Three journalists - two from Hong Kong, one from Shanghai - are summoned from the (now closed) El Bulli restaurant (more on that later), where we've been talking to Mateu Casanas, one of three chefs de cuisine, and watching stagiaires (unpaid workers) standing shoulder to shoulder around rectangular tables, engrossed in tasks such as cleaning mushrooms and making faux peas. We're ushered outside and introduced to Ferran Adria as he sits on the restaurant's leafy terrace, looking out over the beautiful blue waters of Cala Montjoi bay.

Adria, the culinary mastermind and co-owner of El Bulli, near Roses, a beachside town on Spain's Costa Brava, has been seeing a parade of journalists at 20-minute intervals since noon, and, as expected, is running late.

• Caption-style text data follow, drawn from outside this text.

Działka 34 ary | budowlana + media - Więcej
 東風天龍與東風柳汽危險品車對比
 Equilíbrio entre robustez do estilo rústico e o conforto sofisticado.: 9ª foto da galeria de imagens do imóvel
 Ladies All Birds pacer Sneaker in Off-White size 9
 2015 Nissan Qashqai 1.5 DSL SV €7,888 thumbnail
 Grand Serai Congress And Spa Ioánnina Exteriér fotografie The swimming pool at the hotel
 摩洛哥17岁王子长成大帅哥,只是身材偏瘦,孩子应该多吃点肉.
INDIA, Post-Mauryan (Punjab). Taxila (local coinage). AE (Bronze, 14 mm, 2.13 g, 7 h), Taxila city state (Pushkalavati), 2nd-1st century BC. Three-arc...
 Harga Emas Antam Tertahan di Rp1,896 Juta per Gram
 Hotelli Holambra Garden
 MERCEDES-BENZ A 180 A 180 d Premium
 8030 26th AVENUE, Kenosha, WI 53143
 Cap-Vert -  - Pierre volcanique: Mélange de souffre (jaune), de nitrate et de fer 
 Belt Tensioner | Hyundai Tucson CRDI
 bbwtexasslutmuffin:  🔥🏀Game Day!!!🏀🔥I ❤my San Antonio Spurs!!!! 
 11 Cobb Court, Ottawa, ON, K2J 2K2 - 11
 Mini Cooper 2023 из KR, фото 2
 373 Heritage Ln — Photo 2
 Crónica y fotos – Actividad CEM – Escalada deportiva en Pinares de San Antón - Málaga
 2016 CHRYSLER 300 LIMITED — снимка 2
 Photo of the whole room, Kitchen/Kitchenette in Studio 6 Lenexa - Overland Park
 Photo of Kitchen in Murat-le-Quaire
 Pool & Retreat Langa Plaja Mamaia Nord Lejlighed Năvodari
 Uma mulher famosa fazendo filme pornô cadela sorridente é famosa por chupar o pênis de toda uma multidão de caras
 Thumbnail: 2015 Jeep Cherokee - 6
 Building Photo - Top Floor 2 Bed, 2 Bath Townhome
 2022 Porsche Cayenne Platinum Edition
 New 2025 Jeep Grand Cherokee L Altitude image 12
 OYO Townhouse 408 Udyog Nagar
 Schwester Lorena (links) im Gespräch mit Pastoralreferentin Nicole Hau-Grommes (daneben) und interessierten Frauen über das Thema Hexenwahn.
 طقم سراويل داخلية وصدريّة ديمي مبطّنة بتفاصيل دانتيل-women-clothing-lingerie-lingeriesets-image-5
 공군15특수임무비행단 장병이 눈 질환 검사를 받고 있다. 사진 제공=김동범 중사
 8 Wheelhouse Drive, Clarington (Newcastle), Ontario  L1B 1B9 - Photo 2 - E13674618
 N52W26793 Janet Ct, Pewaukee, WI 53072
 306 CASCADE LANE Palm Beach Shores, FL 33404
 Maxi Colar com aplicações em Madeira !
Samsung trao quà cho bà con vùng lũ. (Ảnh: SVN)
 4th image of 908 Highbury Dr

El Bulli, in case you hadn't heard, was the hardest Michelin three-star restaurant in the world to get into, receiving a reported two million requests for the about 8,000 seats available in the six months it was open each year. The chances of getting a table were exceedingly slim; now, it's impossible. The restaurant closed yesterday after 47 years in operation, and is scheduled to be turned into the El Bulli Foundation, a non-profit culinary creative think tank that will launch in 2014.

'You just have to live with it; it's part of me, it's part of El Bulli - when you're at the top there are expectations [from diners],' Adria said in May, of the relentless pressure that came with being considered one of the best restaurants in the world, and certainly the most influential. 'The day diners come to El Bulli should be one of the happiest days of their lives. It's a question of proportion, 90 per cent leave thinking it's better than they expected, and that's fantastic.'

ADRIA STARTED WORKING at El Bulli in 1983, when it was a Michelin two-star restaurant serving French food; he was promoted to co-chef de cuisine the following year and, in 1987, took over the kitchen on his own. Three years later, he and business partner Juli Soler bought the restaurant and started serving the experimental, creative cuisine Adria is now known for.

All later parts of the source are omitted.